La realizzazione di un mercato concorrenziale, che costituisce il secondo degli obiettivi comuni alle varie misure europee, attiene alla messa a punto delle condizioni necessarie alla instaurazione ed al mantenimento di un mercato aperto. Un esempio di misura volta alla instaurazione di un mercato di dimensione europea è fornito dal programma Media 2007 per il cinema, adottato con la decisione n. 1718/2006 del Parlamento europeo e del Consiglio del 15 novembre 2006, attraverso il quale si mira, tra l'altro, a "rafforzare la concorrenzialità del settore audiovisivo europeo nel quadro di un mercato europeo aperto e concorrenziale propizio all'occupazione, promuovendo fra l'altro i collegamenti tra i professionisti dell'audiovisivo". Un esempio di intervento volto al mantenimento di un mercato europeo aperto è rappresentato dal controllo che la commissione europea esercita sugli aiuti di Stato destinati a promuovere la cultura, legittimi solo nella misura in cui non alterino le condizioni degli scambi e della concorrenza nella comunità "in misura contraria all'interesse comune".

Quale rapporto si stabilisce tra promozione della cultura e realizzazione di un mercato concorrenziale? Nel disegno complessivo dell'intervento europeo, non si tratta di due esigenze confliggenti, ma di due finalità che debbono essere realizzate congiuntamente. La promozione della cultura, in particolare, può essere realizzata solo in un mercato aperto e concorrenziale, il quale, a sua volta, non può essere tale a scapito della cultura, che vale anzi a caratterizzarlo. In questo senso, il mercato europeo non rappresenta tanto uno spazio di libertà di circolazione di merci, lavoratori, capitali e servizi, sul quale possono incidere, per così dire dall'esterno, politiche correttive, quanto uno spazio socio - economico nel quale gli obiettivi dell'economia di mercato sono ridefiniti in modo tale da integrare obiettivi di regolazione sociale. Il già ricordato programma Media 2007 per il cinema fornisce un esempio di questo peculiare rapporto tra promozione della cultura ed esigenze di mercato: per un verso, esso riconosce espressamente che gli obiettivi di promozione culturale possono essere conseguiti solo "attraverso lo sviluppo di un'industria dai contenuti forti e diversificati"; per altro verso, evidenzia come la cultura sia coessenziale al progetto di una "economia basata sulla conoscenza".

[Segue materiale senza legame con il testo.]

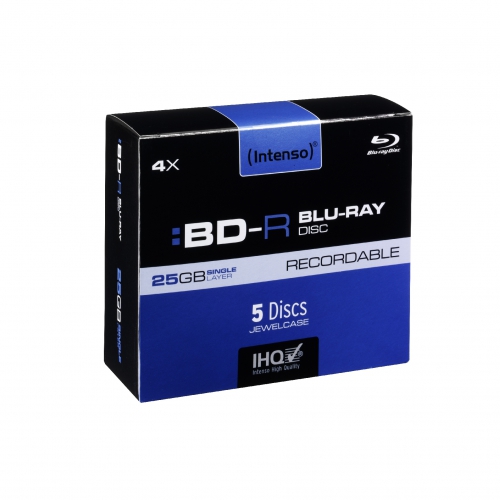 Intenso Blu Ray 25GB/4f Jewel Case 1x5 Intenso Blu Ray 25GB/4f Jewel Case 1x5
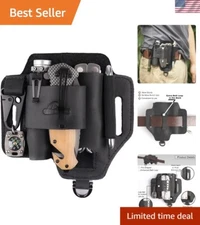 Elegant Leather EDC Multitool Sheath -  Belt Organizer for Daily Use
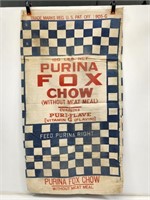 Purina Fox Chow Canvas Feed Sack
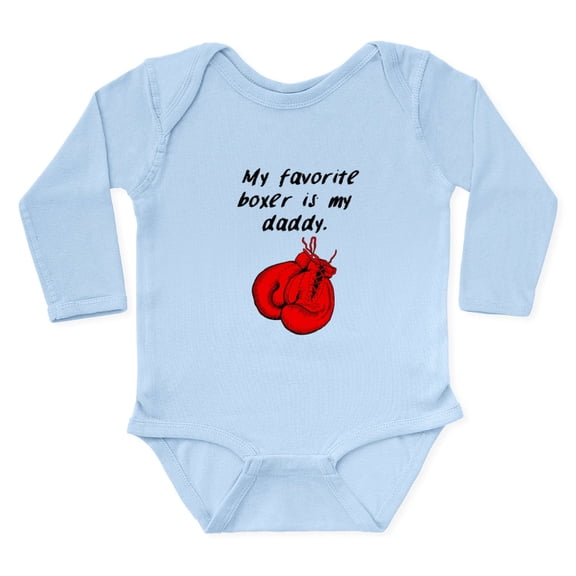 CafePress - My Favorite Boxer Is My Daddy Body Suit - Long Sleeve Cotton Baby Bodysuit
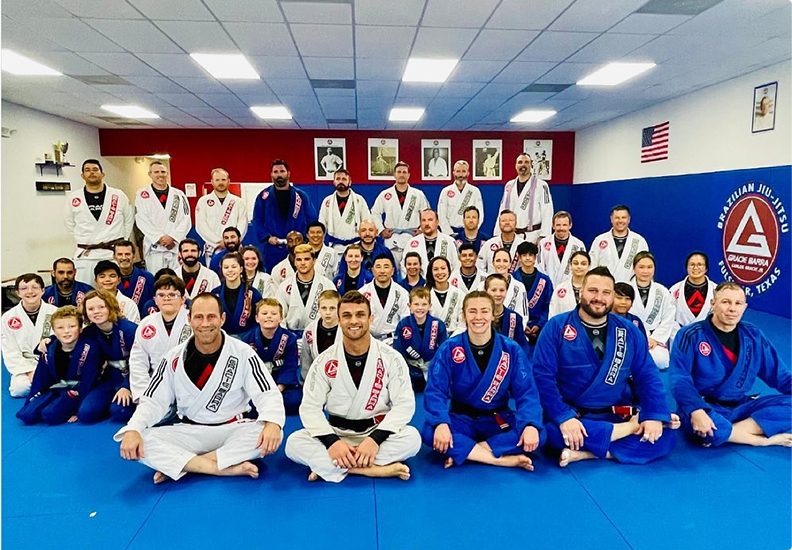Gracie Barra Fulshear students and teachers in a photo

Quanto sin qui osservato consente di notare alcune differenze con le finalità proprie dell'intervento pubblico nazionale. Nel nostro ordinamento, l'intervento dei poteri pubblici in materia di spettacolo ha assolto tradizionalmente ad una finalità di tutela di prodotti e servizi inidonei a produrre utilità che giustifichino la loro offerta sul mercato. Nell'ordinamento europeo, invece, la promozione culturale non rappresenta una semplice "correzione" di un effetto indesiderato del mercato, ma contribuisce a ridefinire, divenendone elemento costitutivo, i caratteri del mercato interno. Nell'ordinamento italiano, la tutela è in funzione della qualità o dell'interesse culturale del prodotto o del servizio. Nell'ordinamento europeo, essa opera in funzione delle diversità culturali europee e del patrimonio europeo comune alla pluralità delle tradizioni.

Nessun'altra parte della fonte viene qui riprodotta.